:: Given data ::
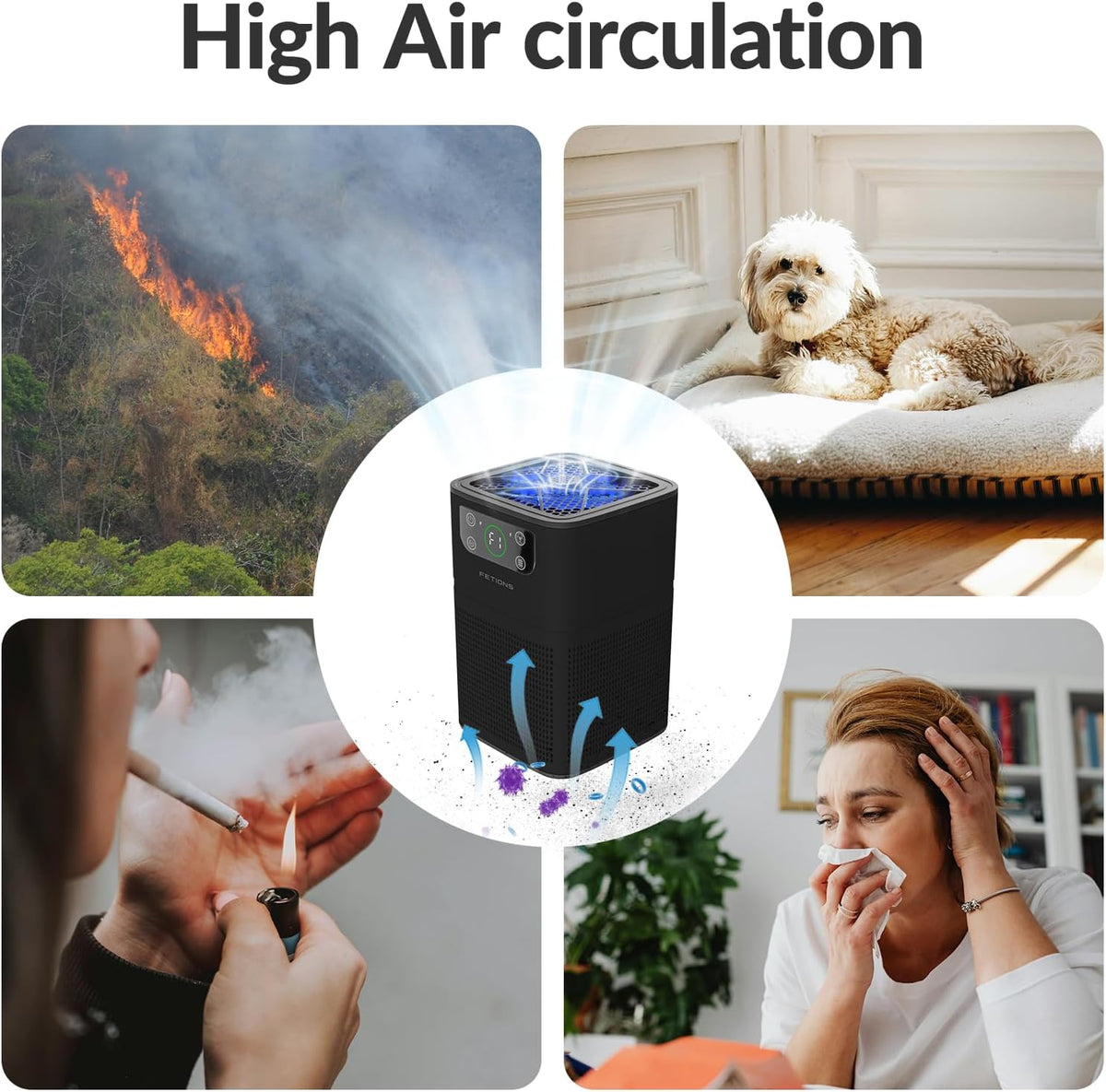 Air Purifiers for Bedroom Home, FETIONS Small Air Purifier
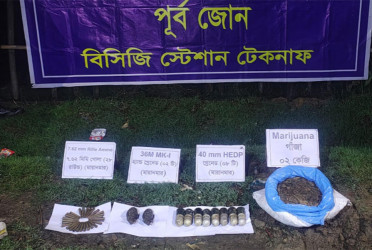 টেকনাফে ১০টি গ্রেনেড ও ২৮টি গুলি উদ্ধার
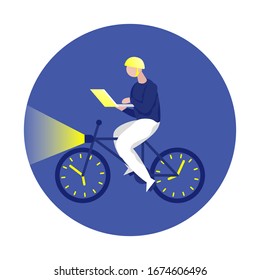 Freelance developer rides a bicycle and work on a laptop. Side view. Color vector flat cartoon illustration. Clock wheel. Concept of time management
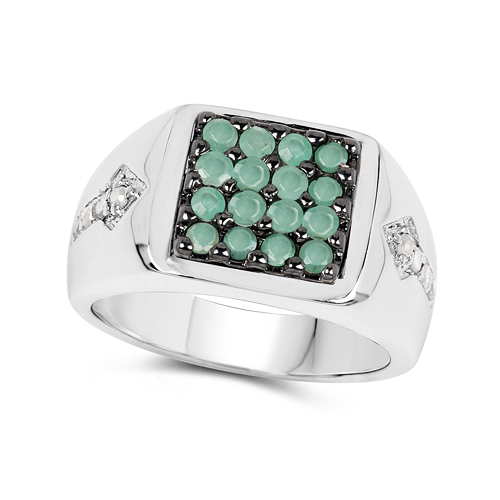 0.60 Carat Genuine Emerald & White Diamond .925 Sterling Silver Ring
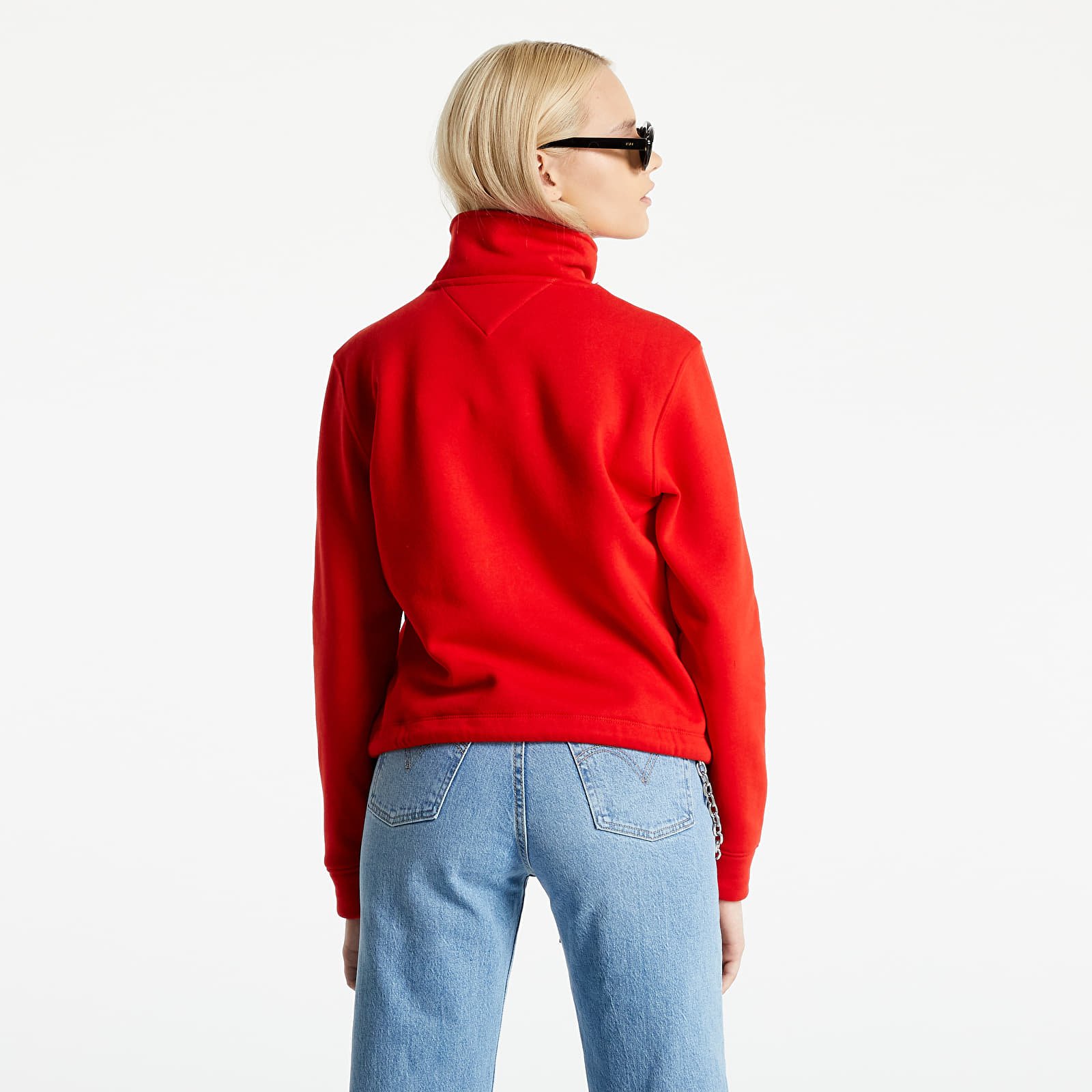 Džemperiai su gobtuvais ir džemperiai Tommy Jeans Relaxed Badge Quarter Zip Deep Crimson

:: Prompt ::
Give back the full data exactly as it reads, but drop the pictures.

:: Expected output ::
 Air Purifiers for Bedroom Home, FETIONS Small Air Purifier
 টেকনাফে ১০টি গ্রেনেড ও ২৮টি গুলি উদ্ধার
 Freelance developer rides a bicycle and work on a laptop. Side view. Color vector flat cartoon illustration. Clock wheel. Concept of time management
 0.60 Carat Genuine Emerald & White Diamond .925 Sterling Silver Ring
 Džemperiai su gobtuvais ir džemperiai Tommy Jeans Relaxed Badge Quarter Zip Deep Crimson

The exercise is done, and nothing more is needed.